▶ INFORMATION GIVEN

#####

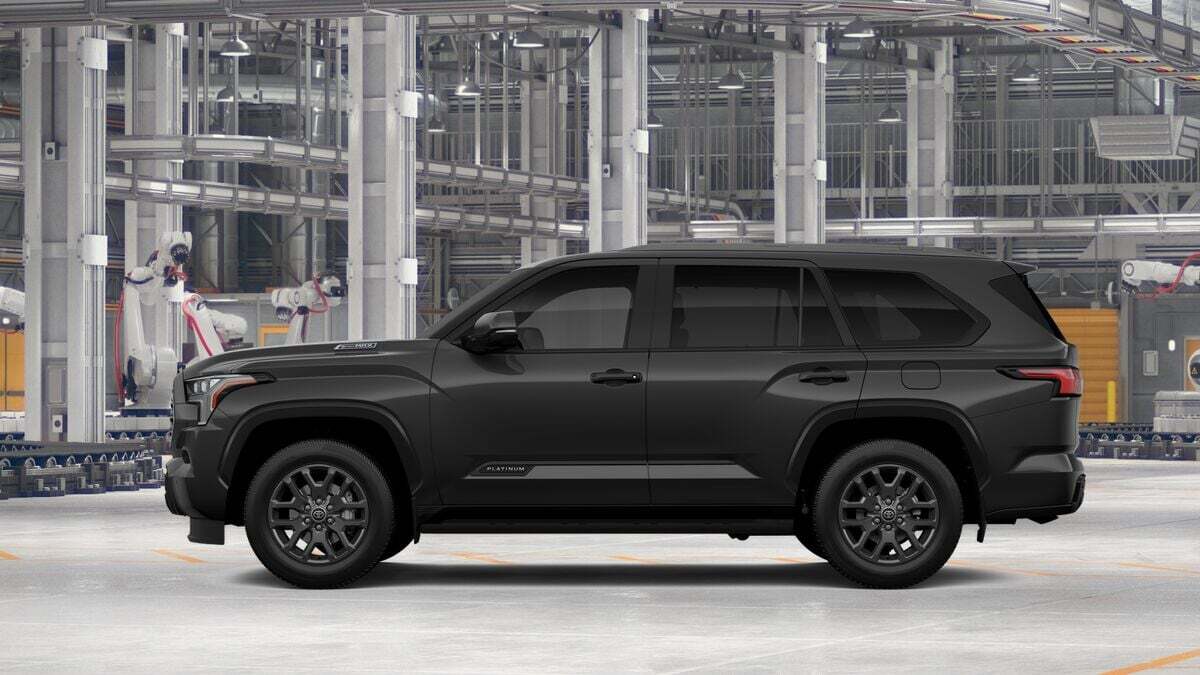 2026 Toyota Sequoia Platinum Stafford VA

#####

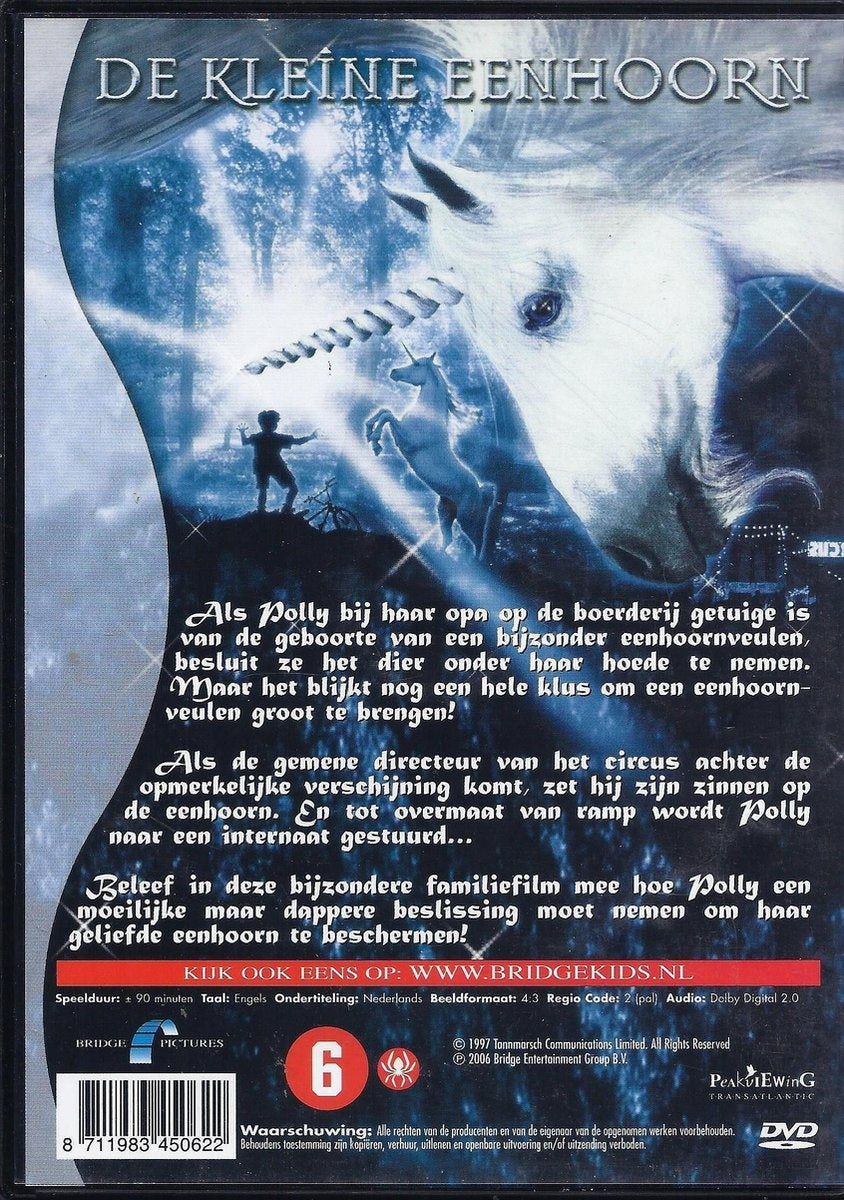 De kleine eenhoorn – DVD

#####

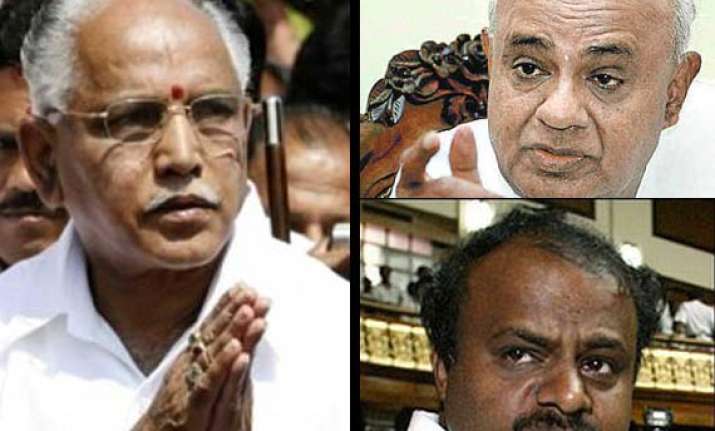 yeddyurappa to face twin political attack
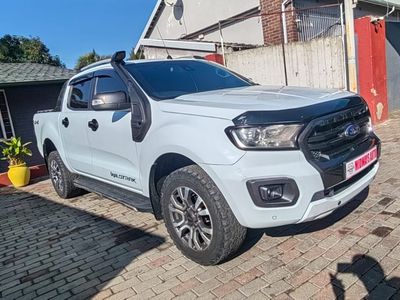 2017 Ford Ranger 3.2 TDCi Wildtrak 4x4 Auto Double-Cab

#####

▶ EXERCISE PROMPT
Copy word for word the lines of the records above from the one with "yeddyurappa to face twin political attack" up to and including the one with "2017 Ford Ranger". Skip the pictures.

▶ EXPECTED ANSWER
 yeddyurappa to face twin political attack
 2017 Ford Ranger 3.2 TDCi Wildtrak 4x4 Auto Double-Cab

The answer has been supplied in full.